- [ACTIVITY]
Locate each line with the string "Ceket" in the listing below and copy it.

- [TASK INPUTS]
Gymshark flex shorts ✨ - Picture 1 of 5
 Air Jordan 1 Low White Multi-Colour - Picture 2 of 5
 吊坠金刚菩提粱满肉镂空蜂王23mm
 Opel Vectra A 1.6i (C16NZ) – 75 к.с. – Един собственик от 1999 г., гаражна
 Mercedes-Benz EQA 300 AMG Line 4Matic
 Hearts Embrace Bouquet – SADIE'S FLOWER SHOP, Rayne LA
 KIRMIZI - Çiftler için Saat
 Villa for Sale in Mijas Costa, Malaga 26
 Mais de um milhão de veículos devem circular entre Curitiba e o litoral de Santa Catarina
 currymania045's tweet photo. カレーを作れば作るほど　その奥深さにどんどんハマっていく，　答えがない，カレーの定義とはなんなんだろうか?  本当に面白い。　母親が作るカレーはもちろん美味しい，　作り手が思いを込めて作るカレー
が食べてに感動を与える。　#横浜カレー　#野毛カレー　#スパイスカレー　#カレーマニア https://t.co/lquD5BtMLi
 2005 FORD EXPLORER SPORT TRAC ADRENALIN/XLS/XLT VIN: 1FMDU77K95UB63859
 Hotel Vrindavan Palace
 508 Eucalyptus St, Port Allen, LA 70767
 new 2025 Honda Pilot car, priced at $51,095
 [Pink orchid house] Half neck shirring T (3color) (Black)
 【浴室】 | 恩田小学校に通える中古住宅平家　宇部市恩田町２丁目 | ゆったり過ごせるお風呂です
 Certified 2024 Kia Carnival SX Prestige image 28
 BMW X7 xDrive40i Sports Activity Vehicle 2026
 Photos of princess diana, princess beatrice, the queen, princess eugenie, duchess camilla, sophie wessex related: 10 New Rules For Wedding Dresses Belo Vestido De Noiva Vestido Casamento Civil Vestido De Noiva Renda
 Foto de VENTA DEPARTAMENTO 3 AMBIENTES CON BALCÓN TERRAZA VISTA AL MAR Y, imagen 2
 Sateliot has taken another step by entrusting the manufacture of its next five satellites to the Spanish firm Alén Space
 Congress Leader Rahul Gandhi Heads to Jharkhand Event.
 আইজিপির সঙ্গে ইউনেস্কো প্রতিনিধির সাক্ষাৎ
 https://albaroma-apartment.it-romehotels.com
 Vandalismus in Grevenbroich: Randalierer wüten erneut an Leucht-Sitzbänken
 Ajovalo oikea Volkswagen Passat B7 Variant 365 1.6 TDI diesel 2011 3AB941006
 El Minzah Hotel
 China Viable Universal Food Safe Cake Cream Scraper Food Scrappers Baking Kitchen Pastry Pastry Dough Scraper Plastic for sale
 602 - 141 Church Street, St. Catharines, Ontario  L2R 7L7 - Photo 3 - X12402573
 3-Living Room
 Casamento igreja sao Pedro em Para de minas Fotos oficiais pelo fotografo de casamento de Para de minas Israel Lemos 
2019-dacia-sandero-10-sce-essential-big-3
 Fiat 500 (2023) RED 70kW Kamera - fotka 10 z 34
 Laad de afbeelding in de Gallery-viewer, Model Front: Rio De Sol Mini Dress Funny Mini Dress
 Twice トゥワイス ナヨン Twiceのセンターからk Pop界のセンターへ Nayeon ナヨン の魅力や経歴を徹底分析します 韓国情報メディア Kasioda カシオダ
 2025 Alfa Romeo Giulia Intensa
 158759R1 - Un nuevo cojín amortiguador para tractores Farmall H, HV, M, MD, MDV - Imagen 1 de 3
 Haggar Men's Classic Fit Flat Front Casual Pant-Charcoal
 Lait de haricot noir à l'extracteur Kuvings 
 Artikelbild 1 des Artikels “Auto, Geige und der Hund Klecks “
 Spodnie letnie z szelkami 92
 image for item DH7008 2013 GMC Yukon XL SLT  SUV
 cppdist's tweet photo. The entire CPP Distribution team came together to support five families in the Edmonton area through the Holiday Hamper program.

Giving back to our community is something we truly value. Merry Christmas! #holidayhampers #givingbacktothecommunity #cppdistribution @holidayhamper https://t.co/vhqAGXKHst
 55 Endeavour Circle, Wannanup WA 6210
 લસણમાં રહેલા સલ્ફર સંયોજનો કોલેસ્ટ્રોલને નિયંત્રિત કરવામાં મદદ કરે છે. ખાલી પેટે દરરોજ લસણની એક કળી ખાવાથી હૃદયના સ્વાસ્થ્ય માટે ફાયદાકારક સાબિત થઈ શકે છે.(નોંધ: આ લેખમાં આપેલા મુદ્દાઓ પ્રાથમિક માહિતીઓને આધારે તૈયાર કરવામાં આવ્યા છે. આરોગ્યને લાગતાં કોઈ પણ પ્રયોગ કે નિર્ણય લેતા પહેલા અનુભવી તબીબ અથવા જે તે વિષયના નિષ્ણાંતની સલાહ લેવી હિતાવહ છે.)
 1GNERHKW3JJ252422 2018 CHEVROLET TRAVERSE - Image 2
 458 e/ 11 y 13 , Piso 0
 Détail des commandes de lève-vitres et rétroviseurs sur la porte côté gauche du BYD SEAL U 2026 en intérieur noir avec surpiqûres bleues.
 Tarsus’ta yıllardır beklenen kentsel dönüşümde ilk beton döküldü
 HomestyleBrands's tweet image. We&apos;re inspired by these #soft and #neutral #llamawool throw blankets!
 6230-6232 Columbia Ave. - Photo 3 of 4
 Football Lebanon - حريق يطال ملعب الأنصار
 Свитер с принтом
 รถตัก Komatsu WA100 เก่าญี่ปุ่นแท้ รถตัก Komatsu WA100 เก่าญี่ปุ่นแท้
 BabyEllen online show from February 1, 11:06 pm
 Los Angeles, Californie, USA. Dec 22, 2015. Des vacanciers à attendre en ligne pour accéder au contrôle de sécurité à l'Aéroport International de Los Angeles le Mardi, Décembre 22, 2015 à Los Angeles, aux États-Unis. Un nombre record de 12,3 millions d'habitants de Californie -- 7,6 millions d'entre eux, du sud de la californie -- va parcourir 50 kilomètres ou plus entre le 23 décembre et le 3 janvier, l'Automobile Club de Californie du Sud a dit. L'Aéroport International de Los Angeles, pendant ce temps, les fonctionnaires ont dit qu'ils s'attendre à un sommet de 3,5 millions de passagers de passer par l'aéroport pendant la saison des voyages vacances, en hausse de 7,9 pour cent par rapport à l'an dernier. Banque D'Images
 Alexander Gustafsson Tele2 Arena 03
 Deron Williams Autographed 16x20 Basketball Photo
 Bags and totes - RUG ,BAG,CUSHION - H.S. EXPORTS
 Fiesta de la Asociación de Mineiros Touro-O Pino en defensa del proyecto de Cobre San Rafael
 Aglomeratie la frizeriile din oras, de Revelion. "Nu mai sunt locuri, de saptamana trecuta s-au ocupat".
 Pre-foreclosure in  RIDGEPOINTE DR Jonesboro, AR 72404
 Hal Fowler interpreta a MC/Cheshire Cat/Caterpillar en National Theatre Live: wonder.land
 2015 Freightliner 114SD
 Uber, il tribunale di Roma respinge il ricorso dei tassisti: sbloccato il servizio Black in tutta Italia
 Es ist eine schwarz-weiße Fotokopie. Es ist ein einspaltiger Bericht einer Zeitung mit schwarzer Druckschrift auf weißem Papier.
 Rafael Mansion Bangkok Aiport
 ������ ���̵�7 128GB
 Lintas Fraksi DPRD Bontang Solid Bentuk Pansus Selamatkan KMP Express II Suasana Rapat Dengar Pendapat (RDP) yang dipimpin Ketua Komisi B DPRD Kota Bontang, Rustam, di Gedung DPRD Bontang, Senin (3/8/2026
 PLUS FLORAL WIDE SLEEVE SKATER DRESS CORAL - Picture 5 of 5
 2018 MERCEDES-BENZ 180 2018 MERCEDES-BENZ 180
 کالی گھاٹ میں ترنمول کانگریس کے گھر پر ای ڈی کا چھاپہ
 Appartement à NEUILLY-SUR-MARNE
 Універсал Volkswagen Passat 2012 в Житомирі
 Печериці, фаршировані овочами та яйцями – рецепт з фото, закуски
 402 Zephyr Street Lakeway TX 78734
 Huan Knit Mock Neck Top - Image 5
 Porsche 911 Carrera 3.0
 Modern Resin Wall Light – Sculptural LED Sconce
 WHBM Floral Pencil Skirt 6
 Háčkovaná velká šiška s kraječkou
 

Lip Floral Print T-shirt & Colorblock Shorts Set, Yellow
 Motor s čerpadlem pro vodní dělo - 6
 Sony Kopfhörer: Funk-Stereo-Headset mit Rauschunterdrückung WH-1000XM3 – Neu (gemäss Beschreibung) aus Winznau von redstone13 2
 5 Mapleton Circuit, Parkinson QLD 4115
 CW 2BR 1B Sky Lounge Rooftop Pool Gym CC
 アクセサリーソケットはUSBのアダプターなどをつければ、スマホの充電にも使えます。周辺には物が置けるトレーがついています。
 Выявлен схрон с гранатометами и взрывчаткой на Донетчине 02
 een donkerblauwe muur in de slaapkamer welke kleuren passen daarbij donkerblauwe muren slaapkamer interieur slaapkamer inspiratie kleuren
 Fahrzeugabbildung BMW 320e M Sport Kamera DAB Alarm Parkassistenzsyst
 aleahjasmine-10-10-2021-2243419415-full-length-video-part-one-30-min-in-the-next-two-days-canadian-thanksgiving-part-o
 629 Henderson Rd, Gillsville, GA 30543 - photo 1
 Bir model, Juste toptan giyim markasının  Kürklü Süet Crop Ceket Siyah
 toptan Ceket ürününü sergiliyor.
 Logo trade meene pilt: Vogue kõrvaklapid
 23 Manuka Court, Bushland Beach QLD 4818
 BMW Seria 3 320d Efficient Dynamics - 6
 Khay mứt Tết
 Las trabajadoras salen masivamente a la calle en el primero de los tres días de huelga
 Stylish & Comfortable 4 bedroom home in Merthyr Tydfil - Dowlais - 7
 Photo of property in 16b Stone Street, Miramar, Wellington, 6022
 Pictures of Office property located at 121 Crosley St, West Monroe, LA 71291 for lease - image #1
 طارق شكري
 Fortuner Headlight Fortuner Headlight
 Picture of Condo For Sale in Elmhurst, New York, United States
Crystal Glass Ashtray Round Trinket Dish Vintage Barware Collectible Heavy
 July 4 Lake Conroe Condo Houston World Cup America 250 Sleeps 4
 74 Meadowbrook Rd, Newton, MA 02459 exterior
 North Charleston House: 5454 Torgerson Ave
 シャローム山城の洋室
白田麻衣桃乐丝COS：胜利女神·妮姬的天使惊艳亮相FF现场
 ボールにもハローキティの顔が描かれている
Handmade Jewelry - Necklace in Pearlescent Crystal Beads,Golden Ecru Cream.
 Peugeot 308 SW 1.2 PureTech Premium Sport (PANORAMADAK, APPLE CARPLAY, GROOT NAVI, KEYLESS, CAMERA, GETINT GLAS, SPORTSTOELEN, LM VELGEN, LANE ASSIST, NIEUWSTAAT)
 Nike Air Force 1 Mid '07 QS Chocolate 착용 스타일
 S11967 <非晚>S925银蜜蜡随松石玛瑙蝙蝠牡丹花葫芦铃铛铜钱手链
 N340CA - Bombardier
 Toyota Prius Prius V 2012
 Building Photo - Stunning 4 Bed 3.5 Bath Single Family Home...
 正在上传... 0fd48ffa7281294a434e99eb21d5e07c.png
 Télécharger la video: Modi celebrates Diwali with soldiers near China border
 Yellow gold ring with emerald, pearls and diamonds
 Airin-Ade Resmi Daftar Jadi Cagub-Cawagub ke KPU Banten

- [RESULT]
 Bir model, Juste toptan giyim markasının  Kürklü Süet Crop Ceket Siyah
 toptan Ceket ürününü sergiliyor.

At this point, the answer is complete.